Setting the stack size for a given application is totally up to the developer. Many compilers will provide a default value of 0x400 bytes but is this really enough for all applications? Determining the size that the stack should be for any given application is difficult. The developer needs to determine the worst-case usage, which includes understanding the maximum function call depth, how many local variables will be defined on the stack and even how many concurrent interrupt contexts that might need to be stored. This is not an easy feat even with today’s technologies and tools.
What is it then that a developer does? He simply determines the direction in which the wind is blowing that day, pulls a number from thin air and puts that number as the size of the stack. The bottom line is what is the worst thing that can happen if the stack overflows the memory region to which it was assigned? Figure 1 shows a typical memory map and the locations of where the heap, stack and global/static regions are arranged. As the stack grows it will grow towards the global / static variables region of the memory map. If the stack were to overflow it would begin to overwrite the global and static variables definitions! Causing values stored in memory to become corrupted and have the opportunity to wreak havoc on the behavior of the system.
A reliable system can’t allow the stack to overflow. So what techniques are available to detect when such as situation arises?
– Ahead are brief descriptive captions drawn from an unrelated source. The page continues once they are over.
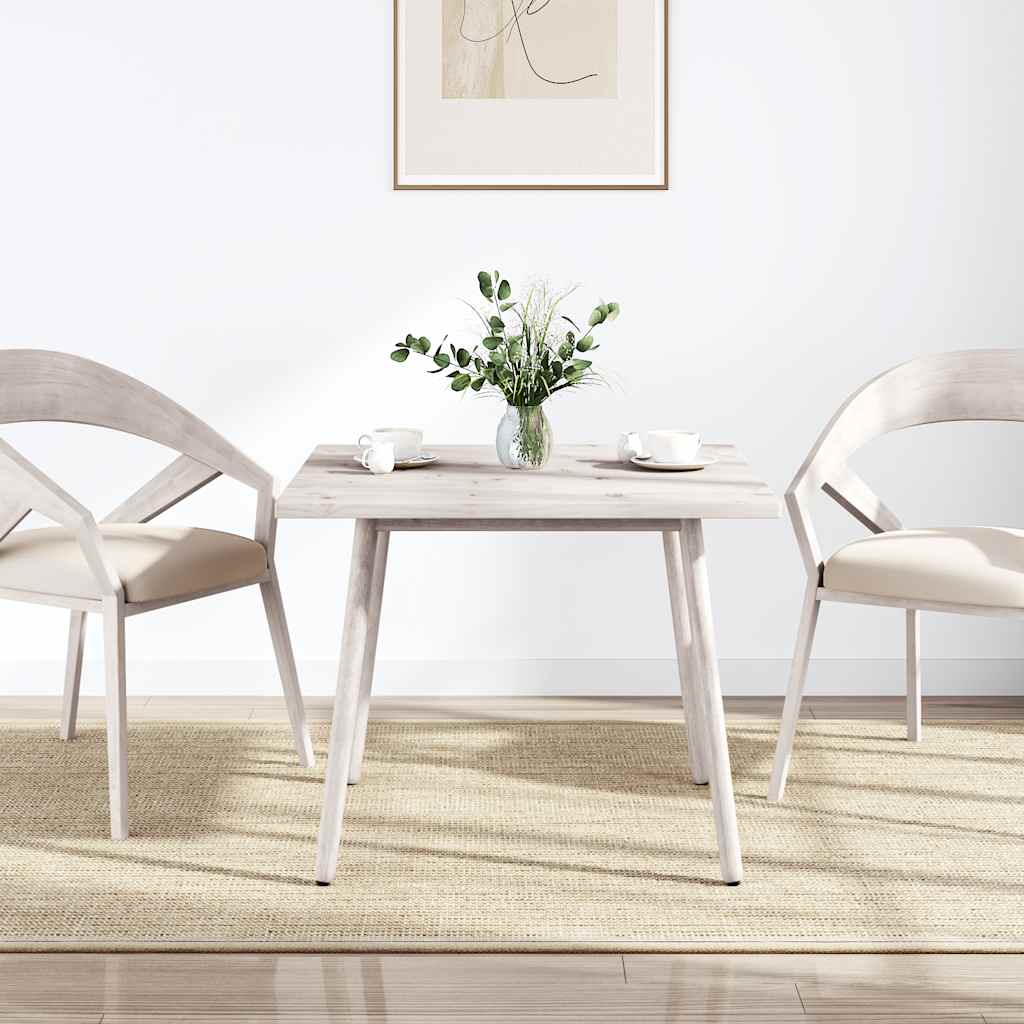 Fehér tömör fenyőfa ovális asztallap 80x80x2,5 cm 2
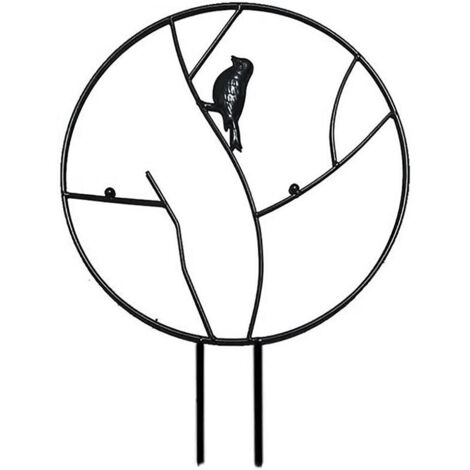 Lot de 2 supports pour plantes grimpantes, supports métalliques pour plantes grimpantes, supports pour pots de fleurs (1/5)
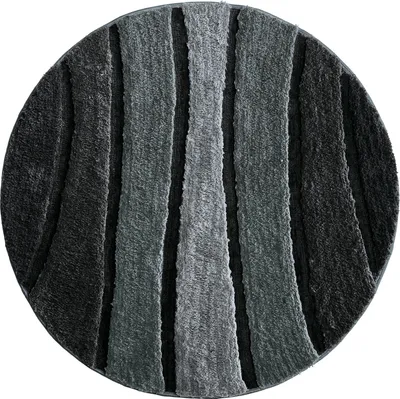 Produktbild von REDBEST Badematte Louisville" grau rund:  90 cm Ø"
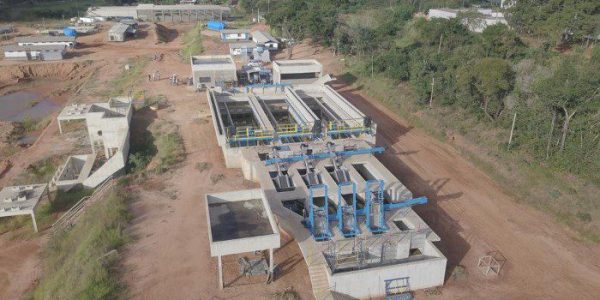 Obra da Estação de Tratamento é a maior de saneamento do Interior do País, no Distrito Industrial de Bauru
One of the most common techniques is to create a guard region between the stack and the global / static variable regions. This guard region should be chosen to be of sufficient size so that if the stack were to overflow it wouldn’t be able to penetrate the memory region below. Some common values are 16 and 32 bytes but these needs to be based on the largest object that can be placed on the stack at a time. An example of the memory map setup can be found in Figure 2.
Figure 2 – Stack Guard Memory Map
There are two ways in which the guard area can be monitored by the microcontroller. The first is to use an onboard memory protection unit (MPU) if it is available on the microcontroller. In this case the MPU would be setup to fire an interrupt if there are any write accesses to the stack guard region of memory. The interrupt firing would indicate that the stack has overflown and protective measures along with error logging can take place.
In the event that an MPU is not available, the guard region of memory can be filled with a known bit pattern during system initialization. A task or function can then be created that periodically checks the guard region and compares it to the known bit pattern. If the pattern has changed then the application can force an interrupt that then logs the error and begins corrective action.
There are two different methods that can be used to create the big pattern. The first is to use the linker file to create a FILL region in the stack guard. This region will then automatically be initialized during the C copy down at start-up. The second method would be to manually write the bit pattern as part of the system initialization by creating a pointer to the start of the stack guard and then placing the bit pattern into memory.
It can be argued that having a stack guard in place will decrease the efficiency of the embedded software. Having the application periodically check that the guard is still in tact can require a function call, a loop and dereferencing a pointer. This performance hit is hardly noticeable on a modern microcontroller and should be a mute point. When creating a reliable system these types of checks need to be put into place in order to ensure that the system is operating as expected. In the event of a catastrophic failure such as a stack overrun, the system will be able to detect the overrun and take corrective actions before something terrible happens to the system or even worse a user of the system.